Il peut être un peu difficile de prime abord de bien cerner ce qui marche dans American Splendor, un comic constitué d'une suite de saynètes sans constance graphique ou réellement thématique qui mettent en scène les tracas du quotidien – un peu à l'image de ce que propose parfois Clowes dans Eightball – de son auteur, Harvey Pekar.
Le travail de « non-fictionnalisation » et d'autobiographie du matériel est souvent revendiqué par l'auteur au cours de pages dont l'un des marqueurs semble bien être le refus constant et volontaire de toutes les structures narratives.
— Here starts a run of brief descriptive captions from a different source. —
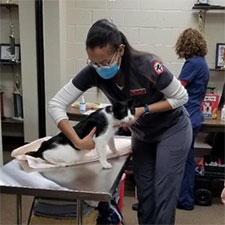 SICSA Free Microchipping Event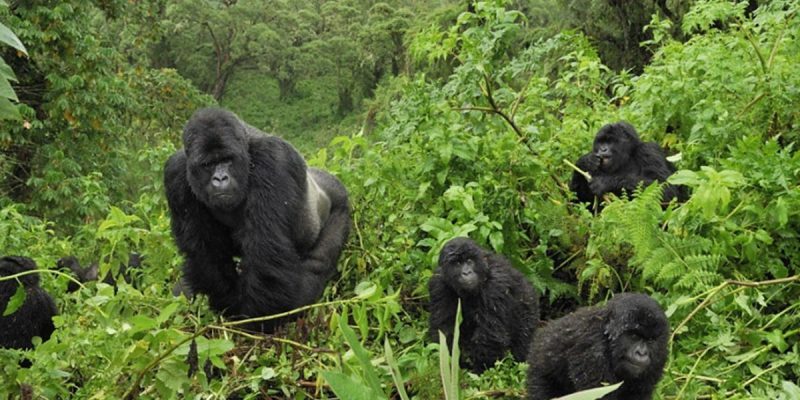 Best places for primate trekking in Uganda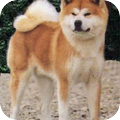 Akita Inu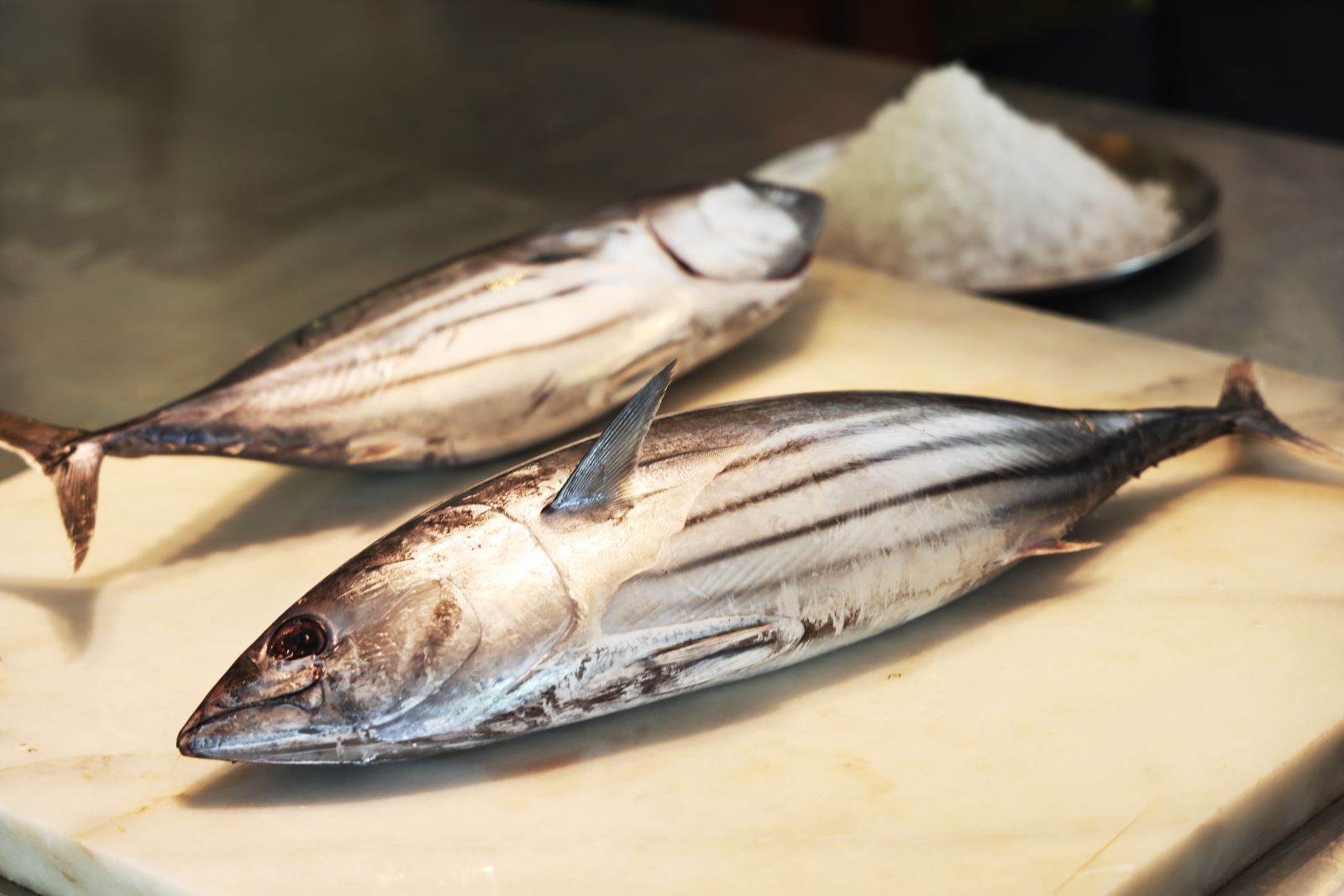 鰹魚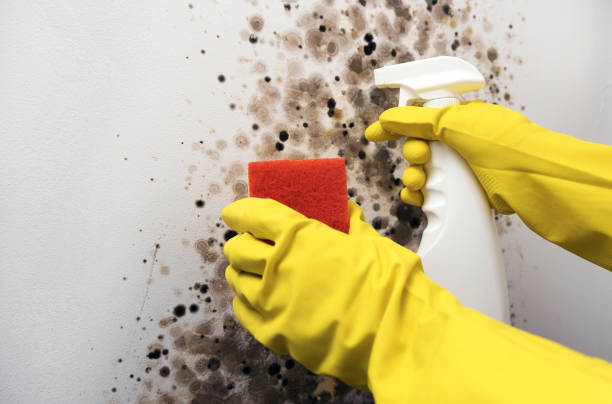 Best Toxic Mold Removal  in Middletown, PA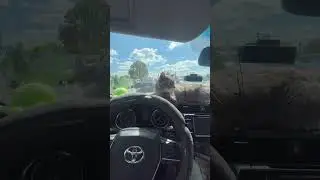 Кот таксист Барсик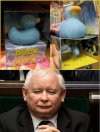 Dick with a duck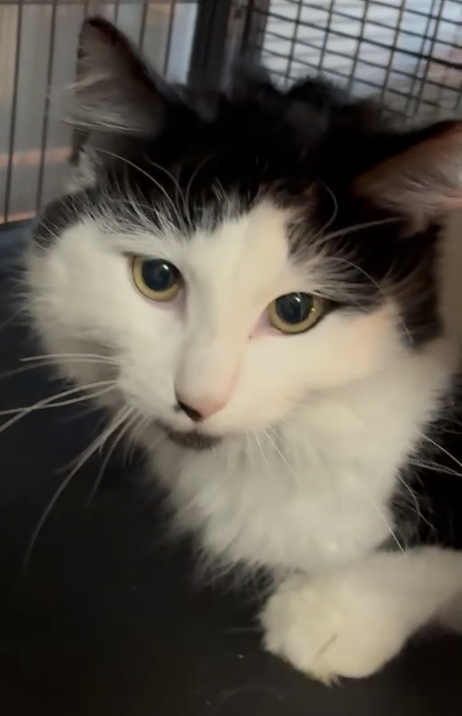 picture of the cat needing adoption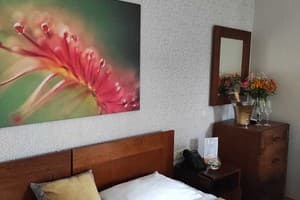 Санаторий TAOR Karpaty Resort & Spa. Улучшенный двухместный  3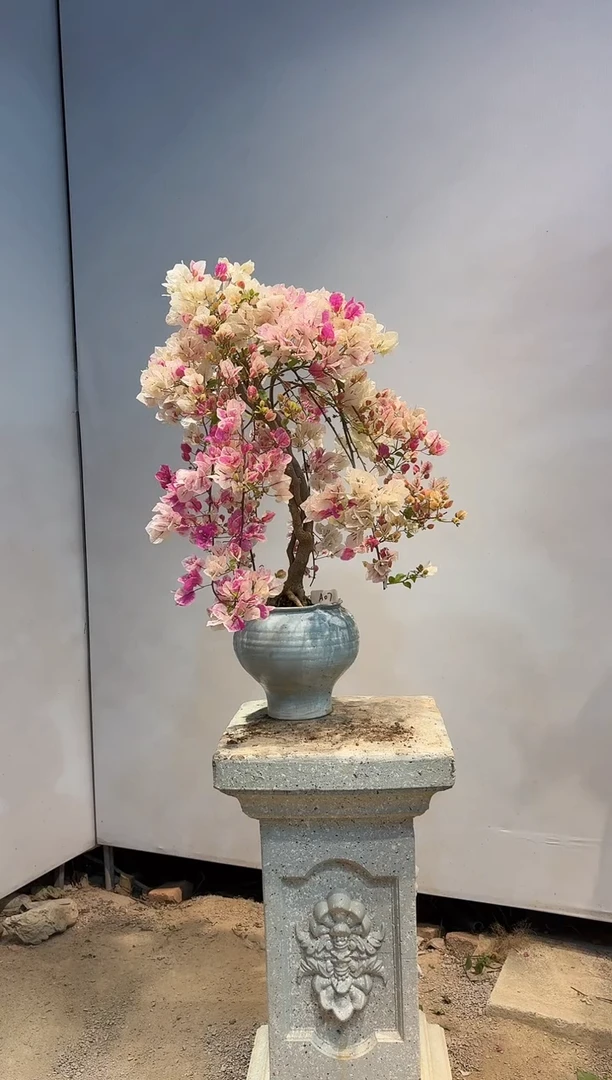 以实际为准三角梅A7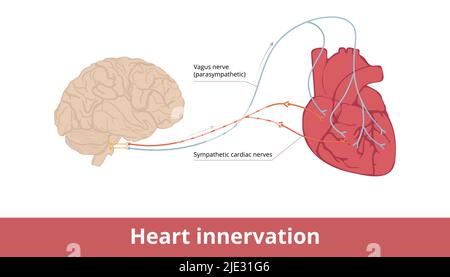 Innervazione cardiaca. Lo schema di base della contrazione cardiaca e del sistema di controllo della frequenza cardiaca attraverso il nervo vagus e i nervi cardiaci simpatici. Illustrazione Vettoriale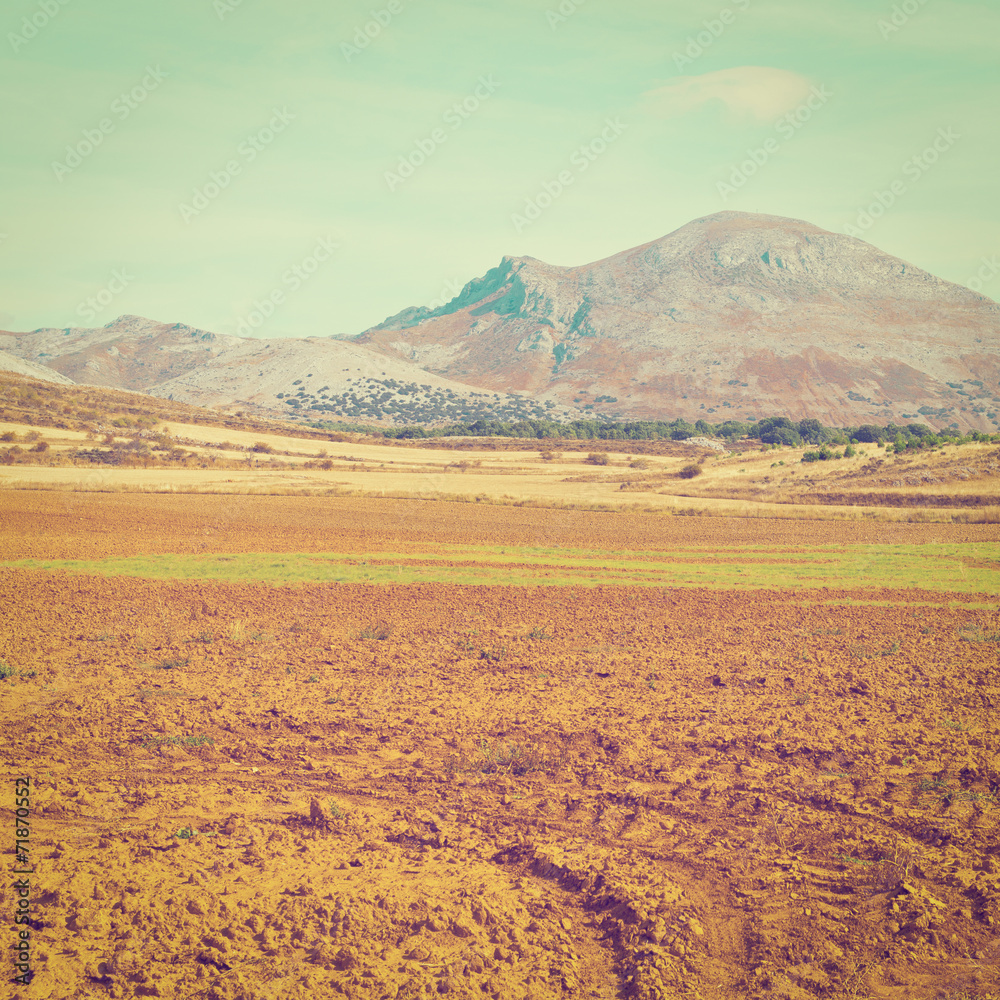 Naklejka premium Plowed Fields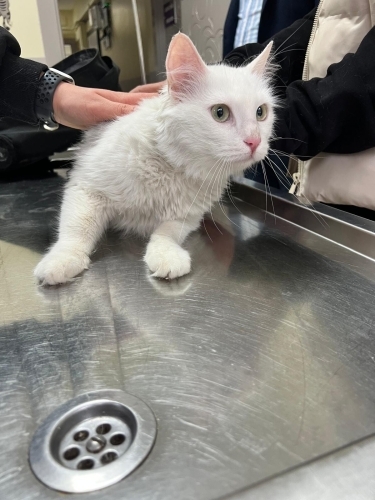 Hamile kedimize yuva fotoğraf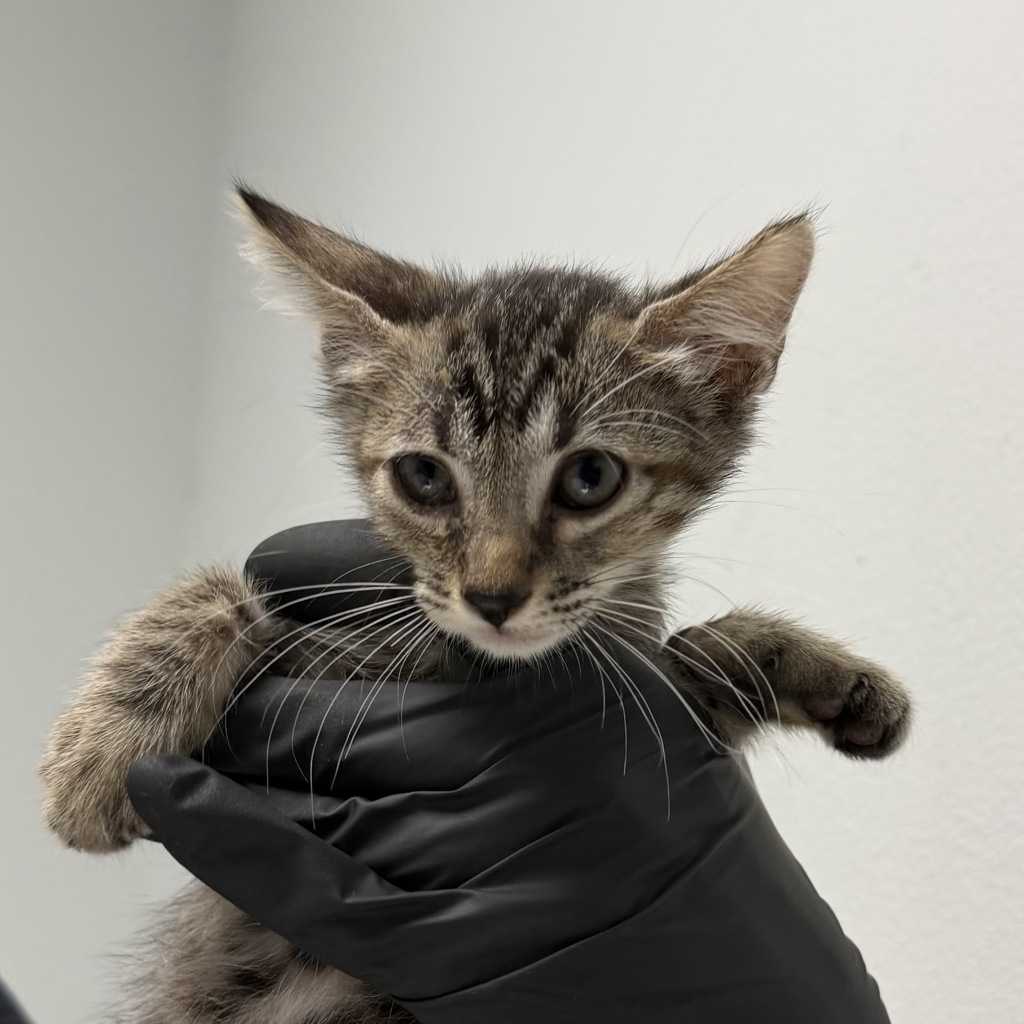 Shelter Stray Female Cat last seen Near Clay Avenue, San Diego, CA, 92113, 5500 Gaines St, San Diego, CA 92110, USA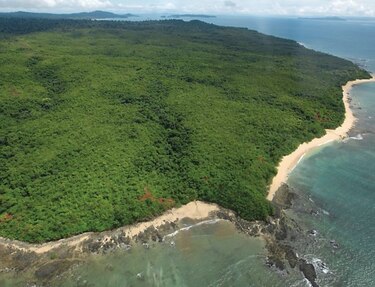 Miembros del Consejo de Coiba solicitan mayor transparencia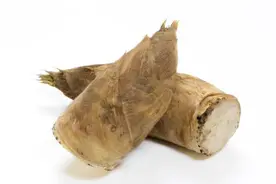 经常吃竹笋竟有这些好处，但两类人还是忍忍口，以免招病上身图片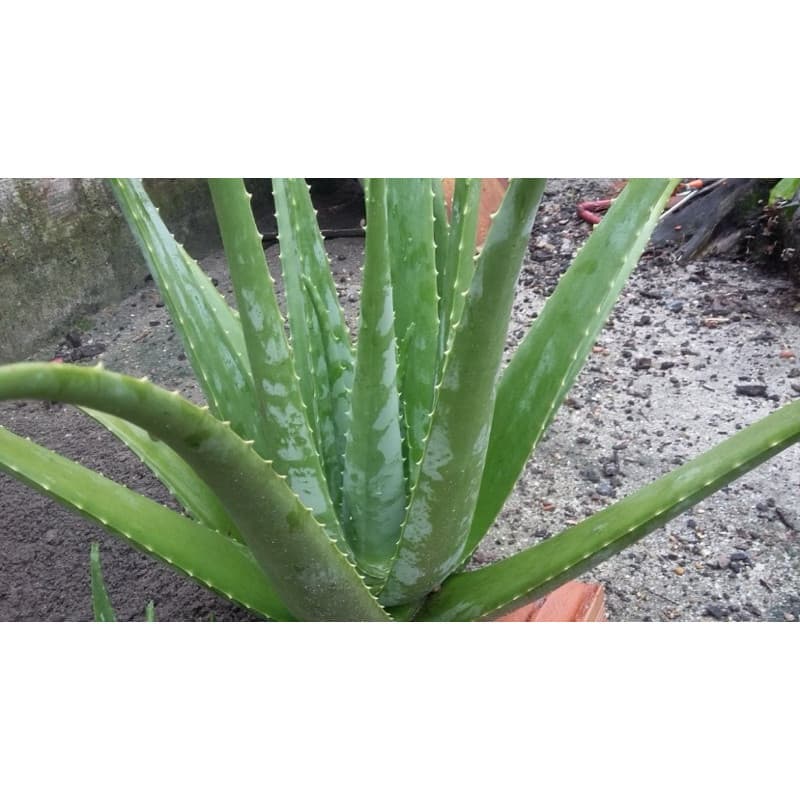 Babosa Aloe Vera100 Sementes de Com Manual de cultivo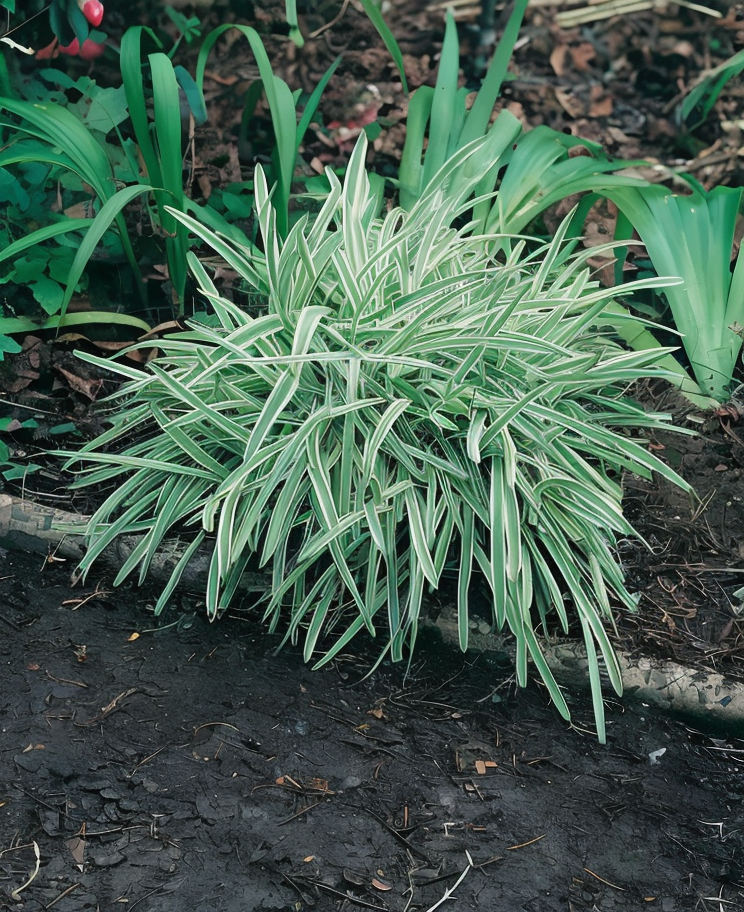 Agapanthus 'Tinkerbell' in fiore, bordura giardino elegante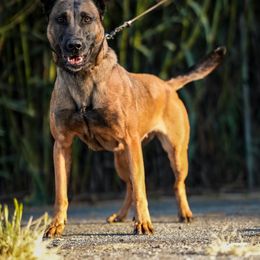 Wilma - Dutch Shepherd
Harvey Pekar, pour cela, a différentes stratégies à disposition : il pourra par exemple décider de faire démarrer une scène in medias res pour la saper de son sens, utiliser les outils de la mise en relief sur des actions inutiles ou complètement vaines, ou encore s'échiner à montrer le déroulé d'un événement dont aucune leçon ne peut être synthétisée à la fin.
À terme, la démarche qui peut facilement déconcerter ou décevoir un temps révèle une agressivité larvée plutôt séduisante contre les ficelles du narratif, en refusant activement toute forme qui pourrait conférer de la téléologie aux petits faits de la vie.
La démarche devient donc plus photographique par là – ou peut-être plus poétique, si l'on entend la poésie comme un geste essentiel de description, et vient proposer un travail très intéressant et plus que pertinent d'autoantibiographie.
Cette forme de malaise qu'il peut y avoir à écrire pour empêcher sa vie de se cacher sous la forme trompeuse d'une histoire est renforcée par le choix graphique curieux de faire illustrer les moments dont il est question par les galeristes les plus divers du comics, créant par là une sur-couche d'altérité à un récit de soi déjà distancié par le refus du récit-même.
Le jumeau maléfique d'un certain pan du taf d'Eisner. Et l'utilisation effrénée, presque terroriste du réel contre l'espoir du réalisme.